### INFORMATION SUPPLIED
^^^^^^^^

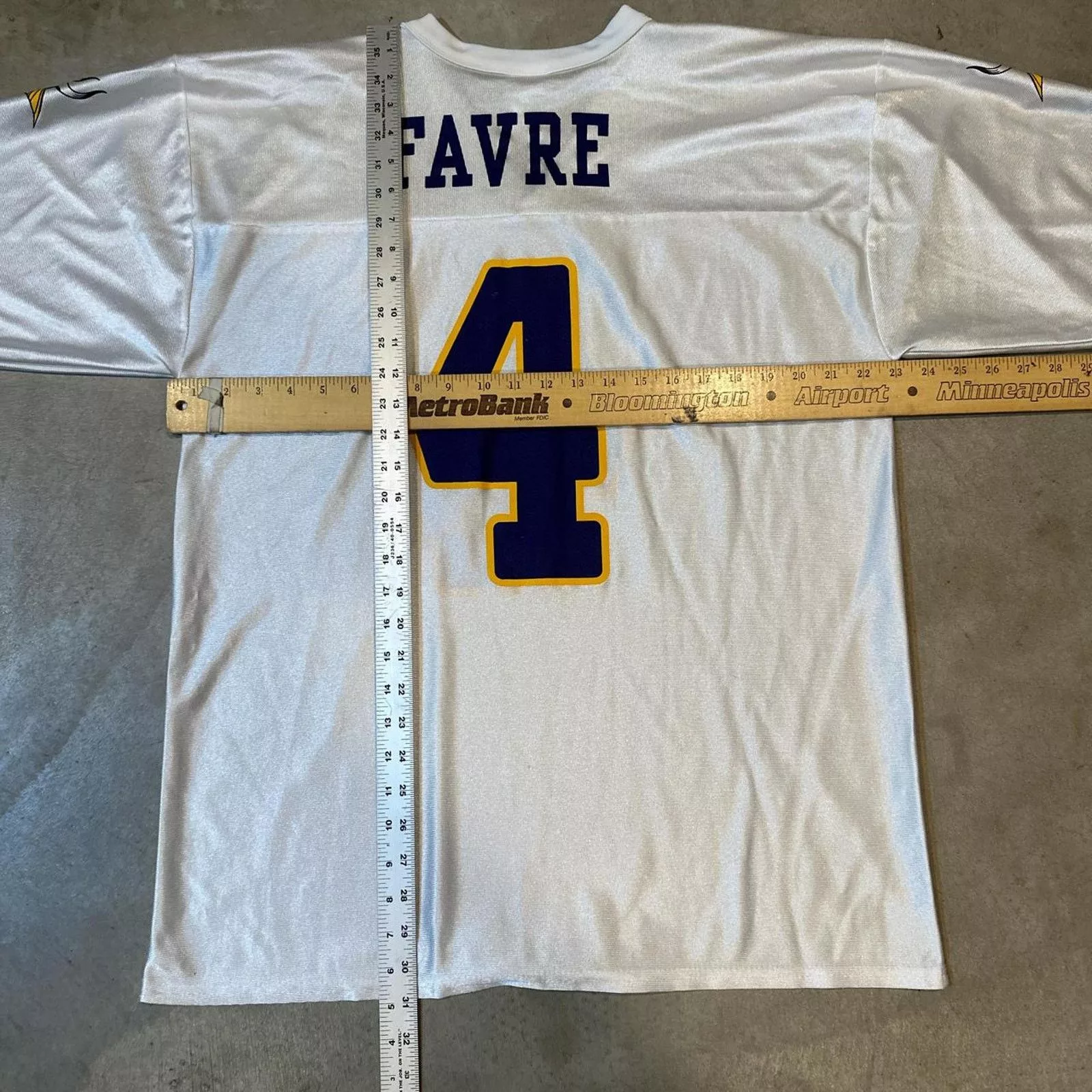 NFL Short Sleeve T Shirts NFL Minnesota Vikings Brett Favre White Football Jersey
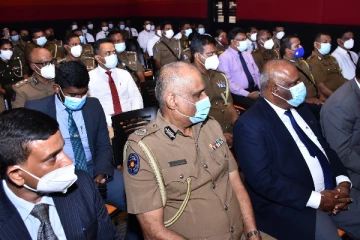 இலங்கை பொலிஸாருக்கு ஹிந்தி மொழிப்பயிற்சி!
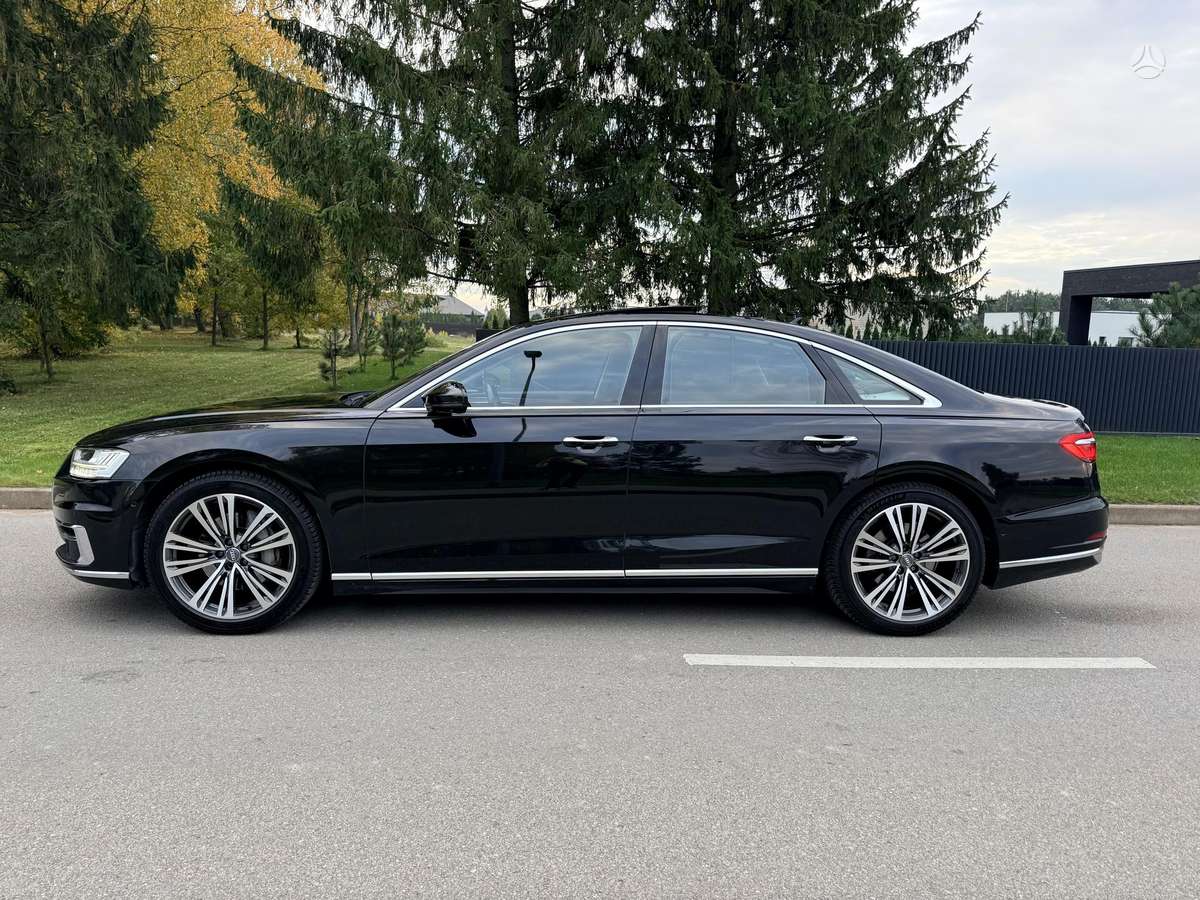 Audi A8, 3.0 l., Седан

^^^^^^^^

### GOAL OF THE EXERCISE
Set down the material above exactly as written, but not the pictures.

### OUTPUT
 NFL Short Sleeve T Shirts NFL Minnesota Vikings Brett Favre White Football Jersey
 இலங்கை பொலிஸாருக்கு ஹிந்தி மொழிப்பயிற்சி!
 Audi A8, 3.0 l., Седан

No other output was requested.